Automation of PostgreSQL-based DB load testing and system information collection

During development and support, it is frequently necessary to quickly conduct a load test in order to evaluate hypotheses or the overall efficiency of Tantor Postgres DB or other PostgreSQL-based databases. Most often, specialists use the standard tool pgbench for TPC-B load generation and evaluate the results. However, when describing the results of such tests, important details about the environment are often overlooked. There is no clear description of the used configuration: PostgreSQL parameters, server hardware characteristics, client version, and network settings. And that can lead to ambiguous or incomplete conclusions re performance. And you may need to spend time on re-running tests.

To eliminate such routine tasks and minimize the risk of 'forgotten' details, I developed the pg_perfbench tool, which starts pgbench and collects data on the database environment, then generates a full report based on a predefined template. This helps to replay testing scenarios, document all necessary database environment details, and quickly compare test results if needed.

Motivation for development

Let's review a typical performance measurement scenario for Tantor Postgres or other PostgreSQL-based databases, during which we need not only to obtain transactions per second but also to create a detailed description of the performed test.

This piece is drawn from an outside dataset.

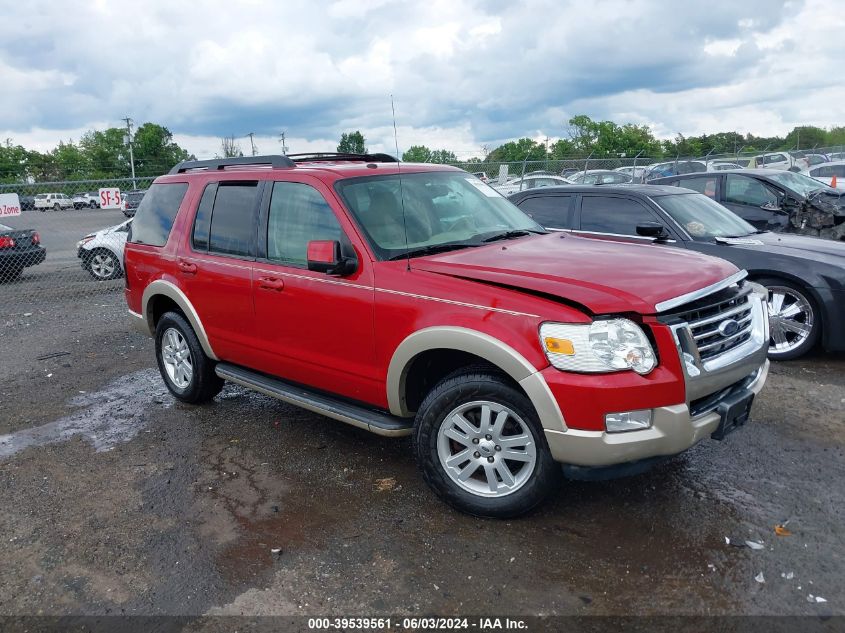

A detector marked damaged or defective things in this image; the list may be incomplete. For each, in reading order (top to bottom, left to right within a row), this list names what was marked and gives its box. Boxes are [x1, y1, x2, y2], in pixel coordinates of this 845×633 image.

damaged gray sedan [652, 169, 844, 241]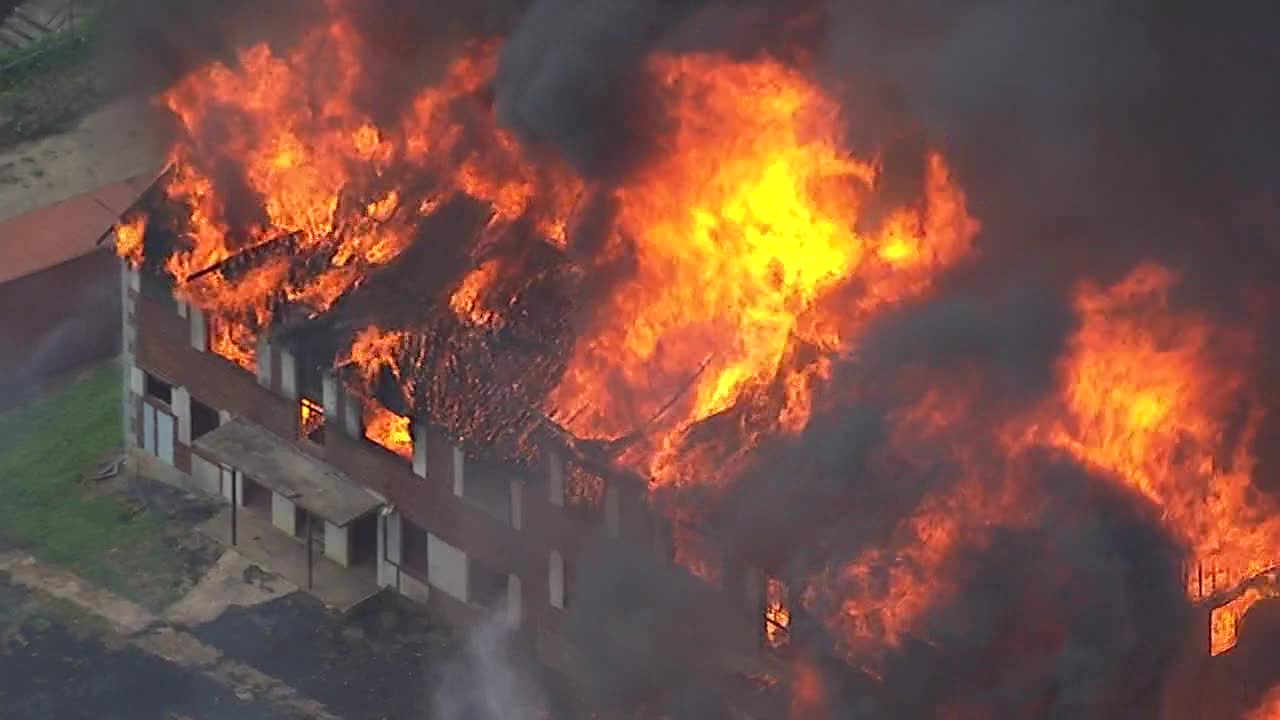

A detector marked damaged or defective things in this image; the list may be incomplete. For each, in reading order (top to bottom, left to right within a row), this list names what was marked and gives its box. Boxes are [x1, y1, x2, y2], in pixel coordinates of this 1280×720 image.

broken window [296, 396, 322, 442]
broken window [760, 576, 792, 648]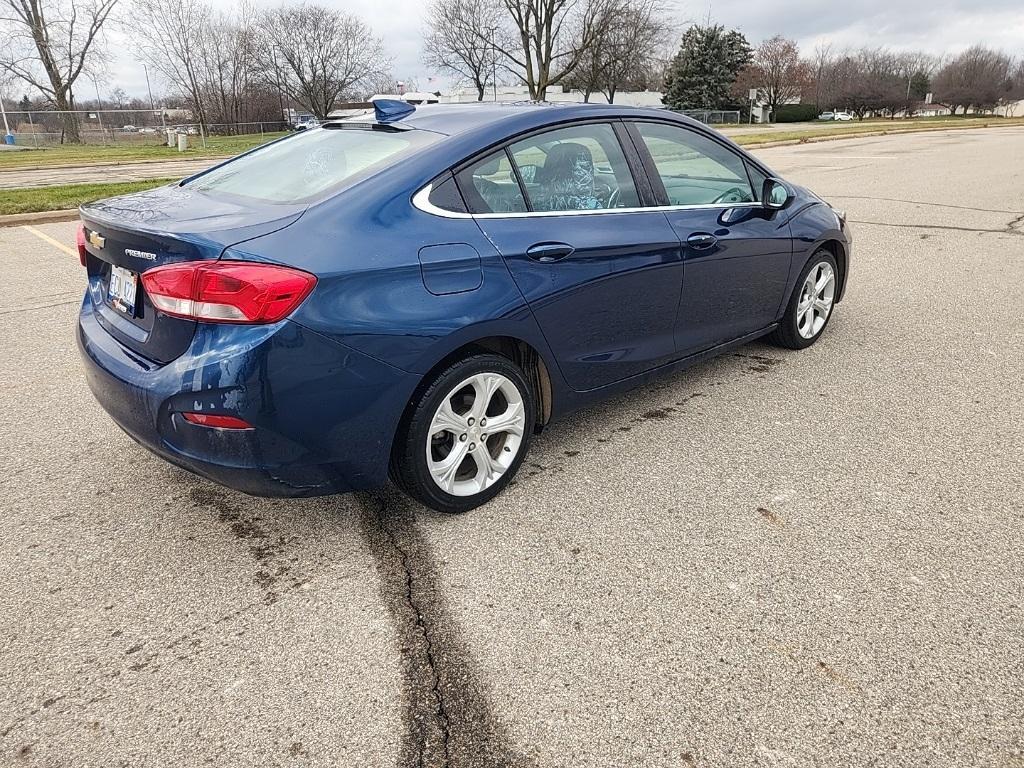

In real practice, database administrators and developers face the following tasks:

Checking the behavior of the database under increased load (number of connections, data size, etc.).
Comparing the performance of different versions of PostgreSQL or different configurations (for example, different parameters like shared_buffers, work_mem, enabled extensions, etc.).
Recording test results for follow-up analysis and replay.

However, without a full description of the environment, including OS versions, parameters of the network infrastructure, server characteristics (CPU, RAM, disk subsystem), and the PostgreSQL configuration itself, follow-up analysis and replay of experiments become quite challenging. Any insignificant change, whether the use of different data directories (for example, one with included checksums, and another without them) or other differences in hardware and network configuration, can significantly affect the results. Then, when trying to compare the new indicators with the previous ones, it becomes clear that the tests are actually incomparable, since they were run under different conditions.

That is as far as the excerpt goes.